Рыжий бык проревел, добавил мычанья, и Пастух озвучил клички быков:
— Это, телки, быки по имени Уголек и Султан, но как объяснил всезнающий Цезарь, они не то чтобы нерадивы, но имеют особенность: их горячность по отношению к коровам возникает лишь в темноте…
— Что же, Пастух, нам ждать наступления тьмы? — расстроилась Роза.
— Коровьи ваши бока! — рассмеялся Пастух. — Для чего же пастух Николай передал нам крапивный букет!? Сейчас я так подогрею чувства этих быков, что свет им покажется тьмой — любой способ годится, лишь бы исполнить наставления Хозяина.
Видимо, от упоминания о наставлениях Хозяина, которые обязана неукоснительно исполнять Божественная скотина, Цезарь взревел, глаза его налились кровью, и он грозно уставился на двух прохлаждающихся быков, всем своим видом показывая, что они занимаются совсем не тем, ради чего он, Цезарь, пригнал их сюда, оторвавшись от своих важных дел… Быки подняли головы от травы, посмотрели выпуклыми тупыми глазами на телок, но Пастух не дал им надолго задуматься: очень ловко, поочередно, по нескольку раз он огрел их равнодушную плоть веником из крапивы, после чего оба быка встрепенулись: раздули ноздри, тяжело запыхтели и шагнули к Овсянке и Розе. Но телки тут среагировали по-разному: игривая Роза отпрянула и, развернувшись, побежала по полю, умудряясь кокетливо покручивать задом, Овсянка же осталась на месте, изогнув как-то в сторону свой хвост. Султан замычал и яростно бросился догонять убегавшую Розу, Уголек довольно неловко, только с третьей попытки взгромоздился на спину Овсянки…
81. Неразделенное нечто
Соединение Овсянки и Уголька затянулось надолго и было настолько безмолвным и неподвижным, что превратилось в статичное изображение двух сущностей, слитых, казалось, навечно в единую плоть. Ида и Цезарь смотрели-смотрели, потом проекционно вздохнули и, потеряв интерес к этой картине, принялись за траву, правда, не отходя далеко. Катерина послюнявила козу Пастуху и отправилась к луже напиться воды, а Пастух присел на поверхность и, выпустив дым в сторону Овсянки и Уголька, сделал сам для себя следующий вывод: «Что-то я, даже дважды Пастух, такого не видывал — как долго у них все происходит…»

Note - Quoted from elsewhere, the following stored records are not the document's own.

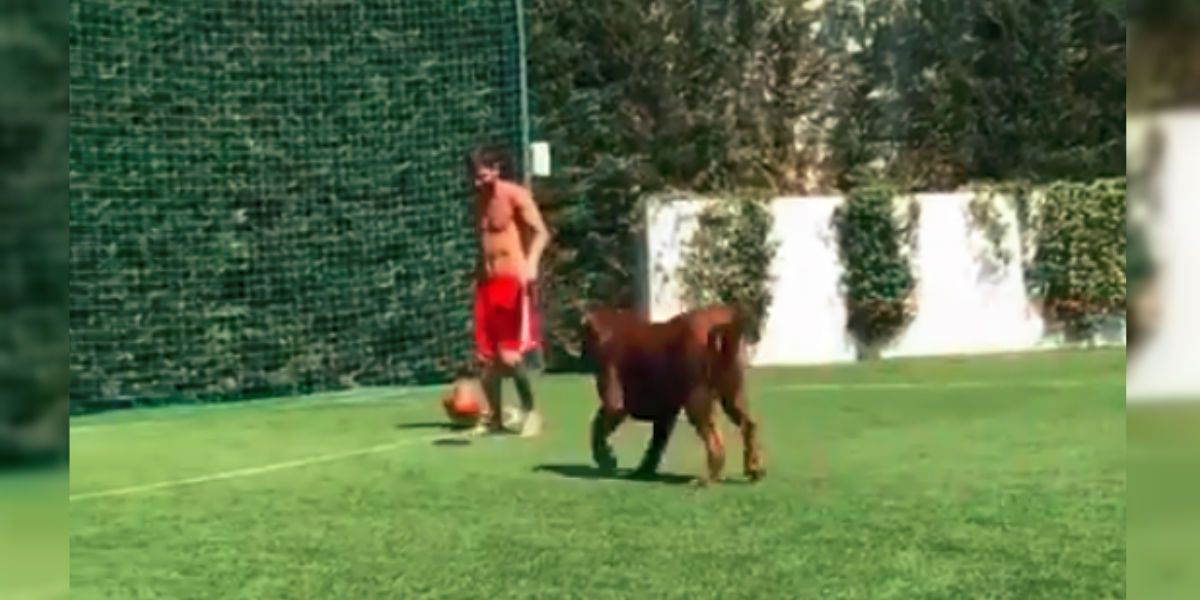 El vídeo de Lionel Messi y su perro que causa furor en redes sociales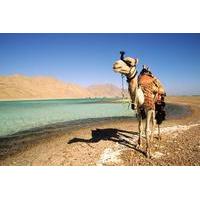 2-Hour Camel Safari to Wadi Bida or Blue Lagoon from Dahab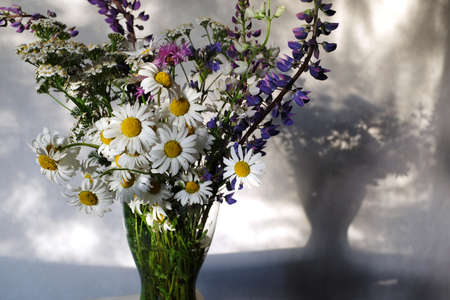 pleven flowers, lupines and daisies in a glass vaseの写真素材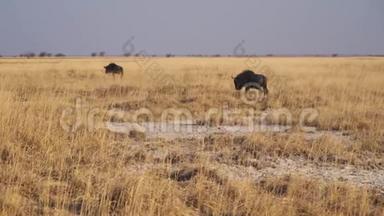 博茨瓦纳Makgadikgadi Pan的两个Wildebeest步行<strong>穿越</strong>干旱<strong>草原</strong>-水平潘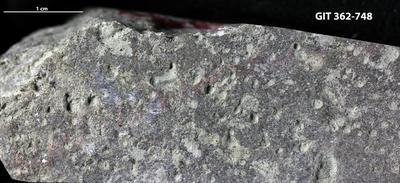 <i></i><br />Ohesaare cliff,  m, Ohesaare Stage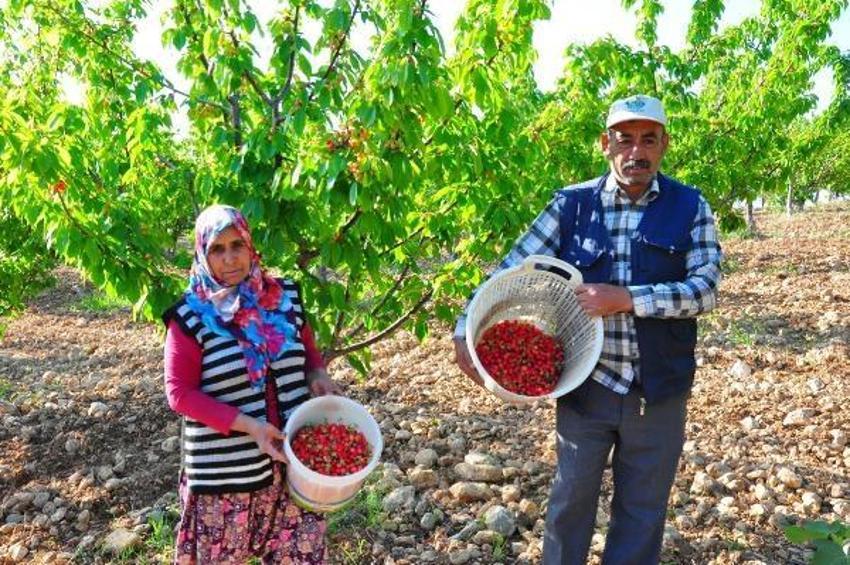 Manisa'da sezonun ilk kirazı 700 TL'den satıldı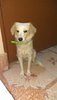 IMG-20190201-WA0015.jpeg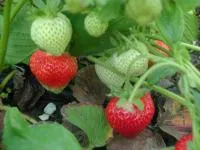 Рассада клубники Клери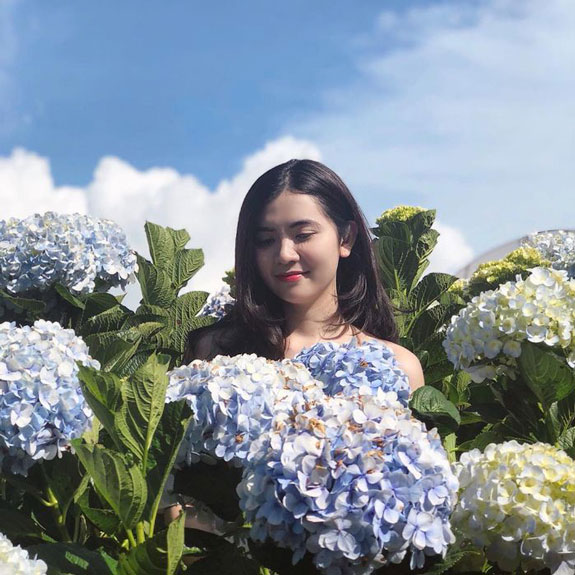 Hoa cẩm tú cầu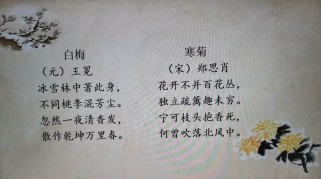 衬托烘托古诗有何妙处？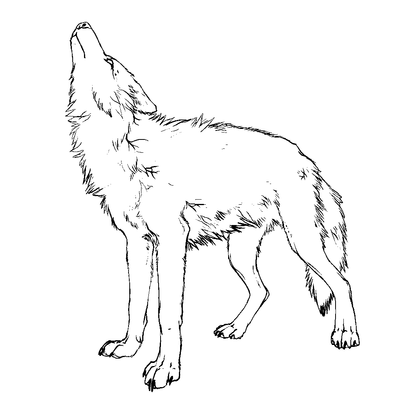 Wolves Howling Drawing at GetDrawings | Free download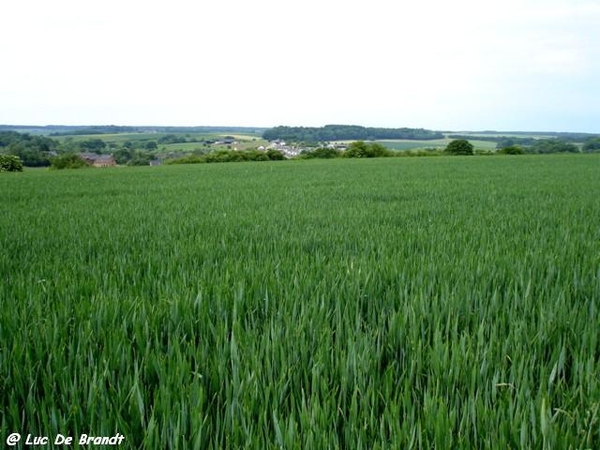 Ardennen wandeling Adeps Biesmeree
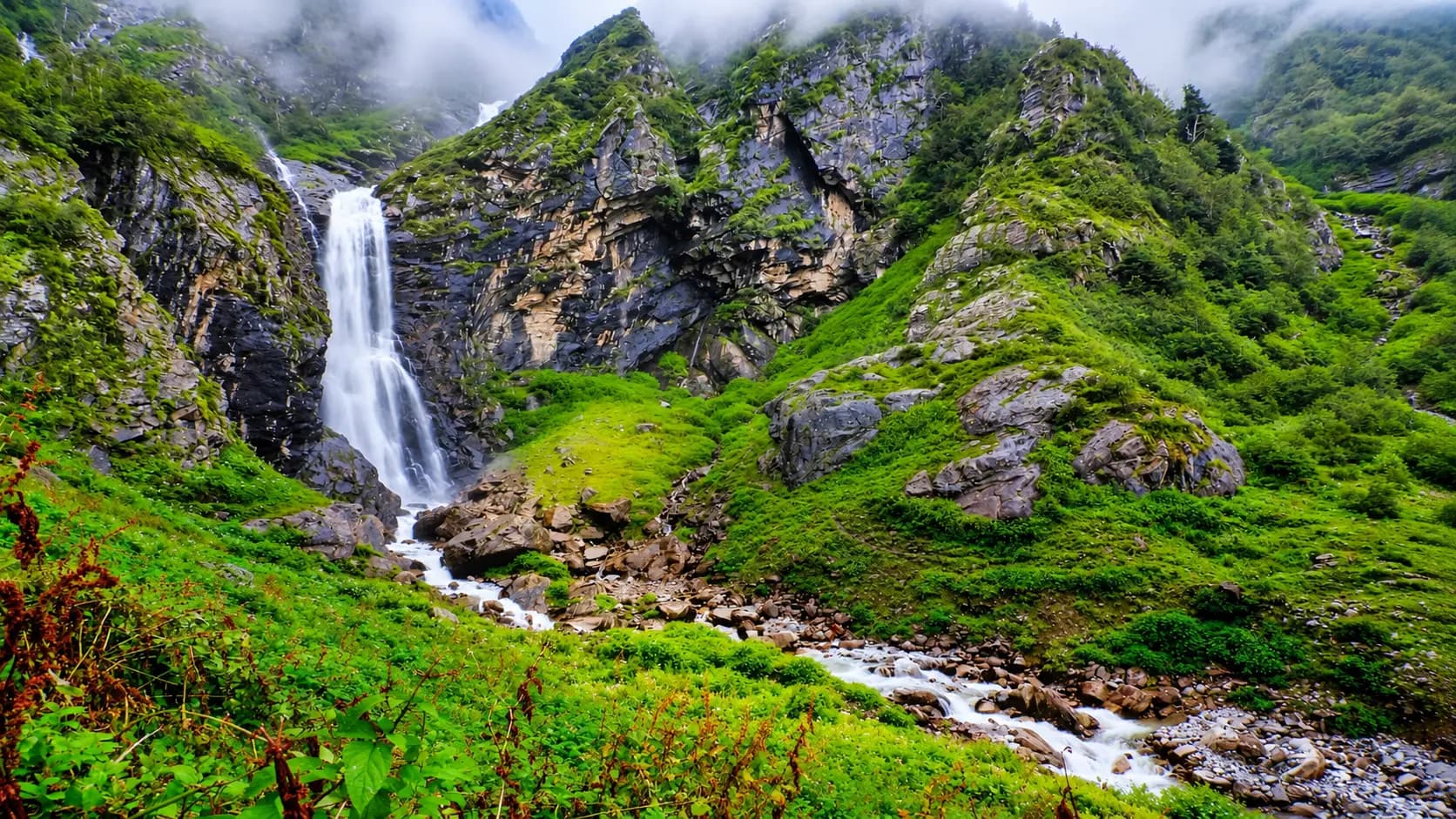Valley of Flowers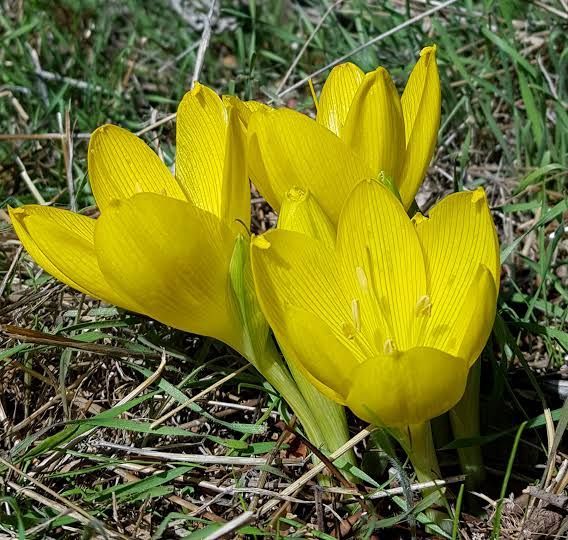 La santé de mon chien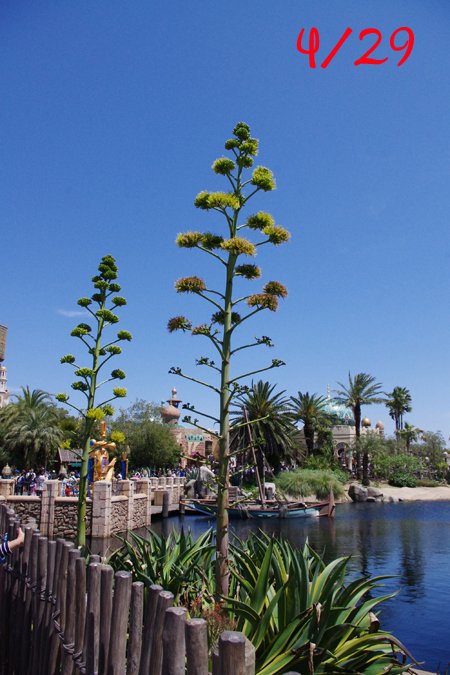 f:id:flowerTDR:20160808212636j:plain f:id:flowerTDR:20160808212636j:plain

С поля парами стала подтягиваться остальная скотина, и каждая телка почему-то считала своей обязанностью сообщить Пастуху: «Я, Пастух, стала коровой…» и объявить имя быка, с которым схлестнулась: Джума подошла с Шайтаном, Ириска — с Богатырем, быков Анны и Марты звали Кудряш и Кругляш, Мария-Елизавета представила Ветра, Елена и Антонина-гадалка появились с Лютым и Ярым, а Роза, понятно, с Султаном, и в довершение всего, оторвавшись от поглощения травы, Ида сказала:
— Имя быка, которого прогнала Катерина, было, кстати сказать, просто: Бублик, и по проекционному звуку в вашу компанию он не очень годился. Правда, мычаньем «Бублик» будет очень красиво, и даже Цезарь завидует этому имени — вот, слушайте: — и она промычала действительно что-то изысканное для слуха коров…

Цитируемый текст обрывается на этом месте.